(Web page caption snippets)
####
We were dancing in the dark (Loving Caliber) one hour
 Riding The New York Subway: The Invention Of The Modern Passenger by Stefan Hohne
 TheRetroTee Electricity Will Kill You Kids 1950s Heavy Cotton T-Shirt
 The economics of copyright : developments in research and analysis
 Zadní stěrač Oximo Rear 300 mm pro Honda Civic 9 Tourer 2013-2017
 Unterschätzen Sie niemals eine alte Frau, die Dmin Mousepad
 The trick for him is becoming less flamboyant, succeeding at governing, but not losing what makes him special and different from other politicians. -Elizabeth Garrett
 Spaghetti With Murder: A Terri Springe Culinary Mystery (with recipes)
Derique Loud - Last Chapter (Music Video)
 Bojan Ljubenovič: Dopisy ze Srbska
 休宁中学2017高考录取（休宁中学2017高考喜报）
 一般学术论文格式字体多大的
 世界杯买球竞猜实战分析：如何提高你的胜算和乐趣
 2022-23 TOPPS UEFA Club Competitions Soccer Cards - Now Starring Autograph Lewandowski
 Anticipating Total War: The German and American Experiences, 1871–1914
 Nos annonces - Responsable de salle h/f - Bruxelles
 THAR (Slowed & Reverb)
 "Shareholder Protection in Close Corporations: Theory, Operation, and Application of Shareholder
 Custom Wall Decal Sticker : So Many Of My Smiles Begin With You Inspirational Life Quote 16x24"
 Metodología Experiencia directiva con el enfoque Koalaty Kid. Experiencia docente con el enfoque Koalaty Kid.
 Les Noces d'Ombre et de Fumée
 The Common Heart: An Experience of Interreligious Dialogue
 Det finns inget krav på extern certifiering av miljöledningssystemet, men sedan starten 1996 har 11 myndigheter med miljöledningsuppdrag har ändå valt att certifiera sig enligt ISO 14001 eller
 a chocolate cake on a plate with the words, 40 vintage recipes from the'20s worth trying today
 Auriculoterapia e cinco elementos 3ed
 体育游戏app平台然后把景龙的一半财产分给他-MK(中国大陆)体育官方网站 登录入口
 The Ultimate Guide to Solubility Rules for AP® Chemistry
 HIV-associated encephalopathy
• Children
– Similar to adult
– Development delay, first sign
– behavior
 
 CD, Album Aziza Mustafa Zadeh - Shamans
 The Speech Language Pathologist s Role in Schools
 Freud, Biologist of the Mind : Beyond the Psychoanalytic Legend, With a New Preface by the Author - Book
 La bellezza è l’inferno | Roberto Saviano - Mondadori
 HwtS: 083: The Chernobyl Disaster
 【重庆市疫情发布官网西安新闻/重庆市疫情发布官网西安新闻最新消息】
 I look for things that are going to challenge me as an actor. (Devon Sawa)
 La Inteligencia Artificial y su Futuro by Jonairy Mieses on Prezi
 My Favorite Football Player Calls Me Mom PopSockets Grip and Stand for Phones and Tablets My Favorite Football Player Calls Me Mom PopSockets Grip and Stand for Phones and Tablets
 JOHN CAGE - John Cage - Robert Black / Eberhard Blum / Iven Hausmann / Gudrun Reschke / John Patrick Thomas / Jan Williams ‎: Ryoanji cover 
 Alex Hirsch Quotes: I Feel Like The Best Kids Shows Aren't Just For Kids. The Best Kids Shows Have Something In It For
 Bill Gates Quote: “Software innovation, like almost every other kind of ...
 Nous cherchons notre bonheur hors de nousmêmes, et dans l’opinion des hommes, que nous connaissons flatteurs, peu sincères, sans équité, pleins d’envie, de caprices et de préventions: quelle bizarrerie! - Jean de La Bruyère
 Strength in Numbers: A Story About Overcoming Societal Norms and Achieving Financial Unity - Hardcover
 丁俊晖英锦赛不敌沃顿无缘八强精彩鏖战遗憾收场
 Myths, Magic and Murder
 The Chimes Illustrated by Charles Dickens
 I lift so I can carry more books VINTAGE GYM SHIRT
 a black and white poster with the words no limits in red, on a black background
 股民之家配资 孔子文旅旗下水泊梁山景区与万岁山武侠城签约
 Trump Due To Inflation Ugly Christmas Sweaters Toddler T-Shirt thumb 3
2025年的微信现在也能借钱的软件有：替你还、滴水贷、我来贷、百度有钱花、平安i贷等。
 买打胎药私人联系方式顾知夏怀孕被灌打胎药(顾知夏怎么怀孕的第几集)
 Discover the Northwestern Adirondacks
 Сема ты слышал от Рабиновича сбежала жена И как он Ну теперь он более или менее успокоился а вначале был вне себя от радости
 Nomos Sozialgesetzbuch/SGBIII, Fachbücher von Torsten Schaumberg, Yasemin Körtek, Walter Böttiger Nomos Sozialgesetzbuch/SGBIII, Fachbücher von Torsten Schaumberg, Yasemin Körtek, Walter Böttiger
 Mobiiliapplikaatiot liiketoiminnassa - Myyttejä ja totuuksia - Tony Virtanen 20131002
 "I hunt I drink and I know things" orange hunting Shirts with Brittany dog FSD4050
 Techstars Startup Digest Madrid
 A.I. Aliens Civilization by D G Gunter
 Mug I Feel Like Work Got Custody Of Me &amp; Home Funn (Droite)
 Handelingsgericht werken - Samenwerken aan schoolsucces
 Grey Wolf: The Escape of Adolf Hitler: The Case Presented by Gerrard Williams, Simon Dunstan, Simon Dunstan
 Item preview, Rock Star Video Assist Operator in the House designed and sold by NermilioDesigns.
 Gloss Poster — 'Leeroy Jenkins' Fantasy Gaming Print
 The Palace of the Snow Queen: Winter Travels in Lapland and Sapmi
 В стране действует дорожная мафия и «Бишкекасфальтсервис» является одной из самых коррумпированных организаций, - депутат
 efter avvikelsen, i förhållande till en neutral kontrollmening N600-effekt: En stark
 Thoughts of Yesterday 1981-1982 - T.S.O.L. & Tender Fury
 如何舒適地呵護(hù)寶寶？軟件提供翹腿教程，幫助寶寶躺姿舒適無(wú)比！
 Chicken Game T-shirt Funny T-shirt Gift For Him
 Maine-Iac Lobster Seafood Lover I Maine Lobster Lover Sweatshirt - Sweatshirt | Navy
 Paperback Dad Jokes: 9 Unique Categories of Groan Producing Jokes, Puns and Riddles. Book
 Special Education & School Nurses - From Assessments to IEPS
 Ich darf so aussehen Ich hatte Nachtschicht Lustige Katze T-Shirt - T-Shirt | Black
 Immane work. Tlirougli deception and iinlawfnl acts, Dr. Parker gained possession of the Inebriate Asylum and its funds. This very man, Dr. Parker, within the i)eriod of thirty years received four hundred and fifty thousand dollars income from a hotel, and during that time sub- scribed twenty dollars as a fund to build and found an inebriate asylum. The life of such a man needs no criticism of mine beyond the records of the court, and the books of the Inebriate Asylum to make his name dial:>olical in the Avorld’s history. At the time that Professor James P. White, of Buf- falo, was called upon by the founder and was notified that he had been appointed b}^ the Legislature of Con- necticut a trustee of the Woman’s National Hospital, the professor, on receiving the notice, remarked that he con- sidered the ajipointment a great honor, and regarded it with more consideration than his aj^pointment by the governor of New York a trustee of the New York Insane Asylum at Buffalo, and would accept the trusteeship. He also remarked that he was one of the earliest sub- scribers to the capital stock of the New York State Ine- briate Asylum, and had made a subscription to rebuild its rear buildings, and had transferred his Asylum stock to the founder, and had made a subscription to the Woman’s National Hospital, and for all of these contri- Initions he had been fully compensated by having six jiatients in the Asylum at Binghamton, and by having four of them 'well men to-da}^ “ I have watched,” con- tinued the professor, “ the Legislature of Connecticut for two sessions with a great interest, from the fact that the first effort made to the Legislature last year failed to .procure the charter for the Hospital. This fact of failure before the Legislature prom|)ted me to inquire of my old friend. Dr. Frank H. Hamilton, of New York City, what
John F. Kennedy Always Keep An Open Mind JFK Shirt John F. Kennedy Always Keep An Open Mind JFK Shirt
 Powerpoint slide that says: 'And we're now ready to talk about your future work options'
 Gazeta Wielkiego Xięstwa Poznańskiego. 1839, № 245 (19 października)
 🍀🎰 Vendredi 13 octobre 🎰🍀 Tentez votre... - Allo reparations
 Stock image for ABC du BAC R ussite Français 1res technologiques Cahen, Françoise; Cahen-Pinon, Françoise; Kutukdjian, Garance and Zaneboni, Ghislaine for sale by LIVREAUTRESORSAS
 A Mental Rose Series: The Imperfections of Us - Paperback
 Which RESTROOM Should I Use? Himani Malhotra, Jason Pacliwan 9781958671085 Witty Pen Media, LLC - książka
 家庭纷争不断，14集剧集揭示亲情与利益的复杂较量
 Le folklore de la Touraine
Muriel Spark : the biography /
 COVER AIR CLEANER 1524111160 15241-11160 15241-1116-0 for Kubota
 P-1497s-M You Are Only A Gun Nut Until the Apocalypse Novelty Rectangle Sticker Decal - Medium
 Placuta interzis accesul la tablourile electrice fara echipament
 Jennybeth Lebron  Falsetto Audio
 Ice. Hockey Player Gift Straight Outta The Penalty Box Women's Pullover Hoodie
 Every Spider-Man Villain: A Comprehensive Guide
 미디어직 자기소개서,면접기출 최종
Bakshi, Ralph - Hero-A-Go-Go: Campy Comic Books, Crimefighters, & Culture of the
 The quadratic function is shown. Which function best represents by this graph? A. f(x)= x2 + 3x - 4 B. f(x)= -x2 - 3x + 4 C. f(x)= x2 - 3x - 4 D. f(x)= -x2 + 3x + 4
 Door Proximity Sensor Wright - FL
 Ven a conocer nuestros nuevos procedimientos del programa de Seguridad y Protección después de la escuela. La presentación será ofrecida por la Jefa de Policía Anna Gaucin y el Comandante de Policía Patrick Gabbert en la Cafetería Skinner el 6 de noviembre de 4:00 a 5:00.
####
• What this task involves: Your answer must be a single number: the count of lines in the data that contain the string "recipes".

• Result for this task: 2